En tant que société commerciale, elle peut prendre diverses formes : la SA, la SARL, la SAS. Le capital apporté n’est pas corrélé au poids des décisions. Le projet de la SCIC oblige à se parler et à travailler ensemble.

Le capital minimum dépend de la forme commerciale adoptée. En SA : 18 500 €. Pas de capital minimum pour la SAS et la SARL (librement fixé dans les statuts). Le montant du capital doit être en adéquation avec le niveau d’investissement attendu.

La gouvernance de la SCIC est fonction de la forme sociétale adoptée. Ils peuvent désigner des dirigeants qui rendront compte de la gestion de la SCIC. A la façon d’une association, les décisions les plus importantes sont prises par l’organe qui administre la structure. Les dirigeants fonctionnent comme le bureau directeur d’une association.

En AG de SCIC le principe est un associé = une voix. Tous les associés ont le même poids, indépendamment du capital apporté.

Un minimum de 57,5% du résultat doit être réinvestit dans le projet collectif.
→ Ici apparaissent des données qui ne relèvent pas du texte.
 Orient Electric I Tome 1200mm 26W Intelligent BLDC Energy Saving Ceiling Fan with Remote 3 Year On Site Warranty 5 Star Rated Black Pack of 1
Mais ce montant peut être porté à d’autres valeurs par l’AG (ou les statuts), jusqu’à 100% si les associés l’estiment nécessaire.

Outre des statuts spécifiques, la SCIC doit accompagner ses comptes annuels d’un rapport de gestion. Ce contrôle permet de s’assurer que l’entreprise relève bien toujours du statut particulier de la SCIC. Ce n’est pas le rapport de gestion, mais le rapport de révision coopérative. Cette révision coopérative doit intervenir tous les 5 ans.  Ce contrôle permet de s’assurer de l’organisation et du fonctionnement de la SCIC aux principes et règles de la coopération.  
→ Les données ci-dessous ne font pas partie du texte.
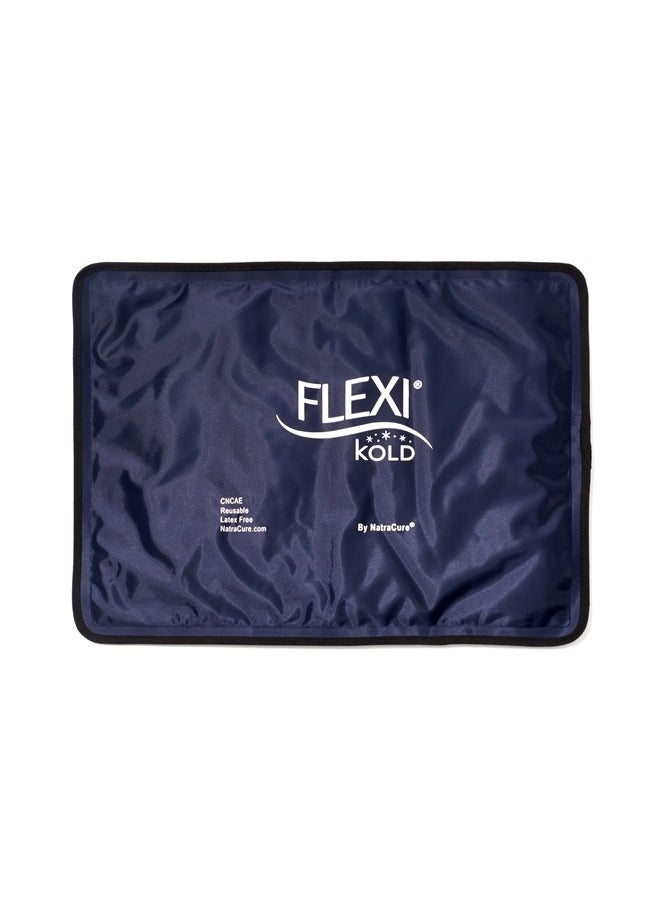 NatraCure FlexiKold Large Gel Soft Flexible Ice Packs for Injuries Reusable – Cooling Pad Ice Wrap for Injuries, Back Pain, Migraine Relief, Surgery Recovery, Headache, Shoulder – Standard – 10.5” x 14.5”  - Image 1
Le but de la SCIC est de fournir des biens et/ou des services rémunérés. Ce potentiel économique est un des points communs avec ce que font les associations lorsqu’elles proposent des services à des entreprises partenaires, ou lorsqu’elles participent activement à l’animation de son territoire.
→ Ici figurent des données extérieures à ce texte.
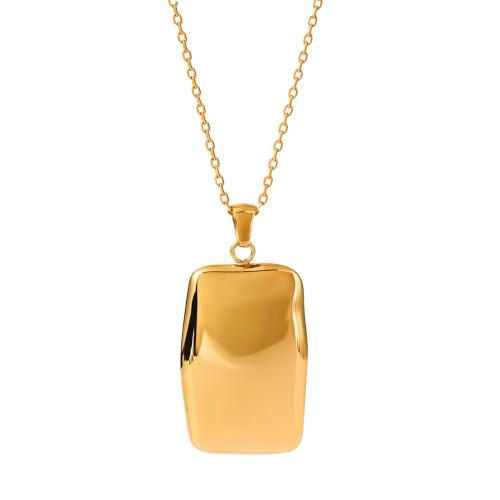 Edelstahl Schmuck Halskette, 304 Edelstahl, 18K vergoldet, Modeschmuck & für Frau, goldfarben, Länge:ca. 45 cm, verkauft von PC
Quels sont les profils types de clubs susceptibles d’évoluer en SCIC ?

Comme nous l’avons décrit, les associations les plus à même d’évoluer vers le modèle SCIC sont celles qui ont déjà un projet ouvert sur leur territoire et avec leur environnement économique. Elles permettent aux salariés de devenir associés. Légalement, ils sont obligatoirement associés. Ce sont des structures qui disposent déjà de quelques salariés, et celles qui proposent déjà des services à une catégorie de personnes ou d’entreprises. Elles ont donc déjà une dimension économique significative.

Ce pourraient être des clubs qui évoluent déjà dans des championnats de France amateurs, qui sont arrivé à un palier de développement, aussi bien avec les partenaires privés qu’avec les collectivités locales et pour lesquels un apport supplémentaire permettrait de développer le projet.

Cela pourrait être des clubs dont le fonctionnement est assuré principalement par des salariés. Je pense à des centres équestres.Comme cela est envisageable pour les sports de nature. Certaines structures ont développé des prestations qui s’apparentent parfois à du tourisme sportif.

En conclusion, la SCIC est un outil au service du projet. A cette condition, le changement de forme juridique peut sérieusement être envisagé. Pour le réussir, il est préférable d’être accompagné de spécialistes de la question.

Adressez-nous vos questions sur le sujet. Nous y répondrons dans une prochaine newsletter.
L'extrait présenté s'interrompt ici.